(Input data)

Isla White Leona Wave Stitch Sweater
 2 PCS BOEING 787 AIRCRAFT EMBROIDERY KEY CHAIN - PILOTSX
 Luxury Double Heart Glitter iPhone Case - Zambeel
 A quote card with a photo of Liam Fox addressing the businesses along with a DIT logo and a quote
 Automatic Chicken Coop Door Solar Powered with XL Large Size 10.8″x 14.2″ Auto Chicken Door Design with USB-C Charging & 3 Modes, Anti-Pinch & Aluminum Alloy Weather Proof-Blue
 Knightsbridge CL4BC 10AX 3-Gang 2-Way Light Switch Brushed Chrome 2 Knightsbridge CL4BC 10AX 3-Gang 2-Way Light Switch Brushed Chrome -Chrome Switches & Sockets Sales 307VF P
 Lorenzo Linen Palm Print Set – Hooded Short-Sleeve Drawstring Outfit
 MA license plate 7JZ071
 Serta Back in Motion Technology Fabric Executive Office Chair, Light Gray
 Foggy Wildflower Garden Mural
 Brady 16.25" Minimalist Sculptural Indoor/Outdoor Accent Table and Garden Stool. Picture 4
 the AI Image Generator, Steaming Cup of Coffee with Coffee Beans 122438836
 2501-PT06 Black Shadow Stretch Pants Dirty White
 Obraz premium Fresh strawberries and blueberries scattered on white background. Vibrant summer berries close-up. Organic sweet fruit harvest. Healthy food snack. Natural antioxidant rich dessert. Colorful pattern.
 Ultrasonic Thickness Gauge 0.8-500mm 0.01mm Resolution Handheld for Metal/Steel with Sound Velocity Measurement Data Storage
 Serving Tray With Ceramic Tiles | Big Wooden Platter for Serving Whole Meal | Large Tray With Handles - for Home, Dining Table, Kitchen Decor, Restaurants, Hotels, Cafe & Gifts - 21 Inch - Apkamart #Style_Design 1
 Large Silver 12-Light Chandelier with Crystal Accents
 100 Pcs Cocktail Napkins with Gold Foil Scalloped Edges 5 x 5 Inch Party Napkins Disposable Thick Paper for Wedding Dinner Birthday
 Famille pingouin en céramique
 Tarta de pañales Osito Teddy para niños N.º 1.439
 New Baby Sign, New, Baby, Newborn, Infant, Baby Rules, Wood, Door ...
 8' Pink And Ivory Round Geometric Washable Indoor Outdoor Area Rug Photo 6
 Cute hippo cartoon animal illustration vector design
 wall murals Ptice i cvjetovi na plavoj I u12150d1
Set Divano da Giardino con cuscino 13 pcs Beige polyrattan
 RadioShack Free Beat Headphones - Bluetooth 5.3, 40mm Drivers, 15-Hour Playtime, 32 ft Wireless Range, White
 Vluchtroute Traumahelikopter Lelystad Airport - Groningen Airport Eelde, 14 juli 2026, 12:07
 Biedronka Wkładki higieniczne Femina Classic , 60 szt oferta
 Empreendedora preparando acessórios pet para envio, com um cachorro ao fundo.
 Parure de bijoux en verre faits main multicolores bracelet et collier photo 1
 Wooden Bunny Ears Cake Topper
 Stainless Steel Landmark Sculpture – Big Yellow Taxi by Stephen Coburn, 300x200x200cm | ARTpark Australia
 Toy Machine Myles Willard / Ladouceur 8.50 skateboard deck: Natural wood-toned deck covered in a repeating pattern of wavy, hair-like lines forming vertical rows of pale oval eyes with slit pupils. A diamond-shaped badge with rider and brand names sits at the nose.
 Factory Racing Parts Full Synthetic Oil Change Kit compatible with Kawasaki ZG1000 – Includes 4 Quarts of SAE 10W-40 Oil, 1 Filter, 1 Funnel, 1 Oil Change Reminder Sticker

(End Input data)

Scan the records above for the string "Indoor", then select every line that holds it.

 Brady 16.25" Minimalist Sculptural Indoor/Outdoor Accent Table and Garden Stool. Picture 4
 8' Pink And Ivory Round Geometric Washable Indoor Outdoor Area Rug Photo 6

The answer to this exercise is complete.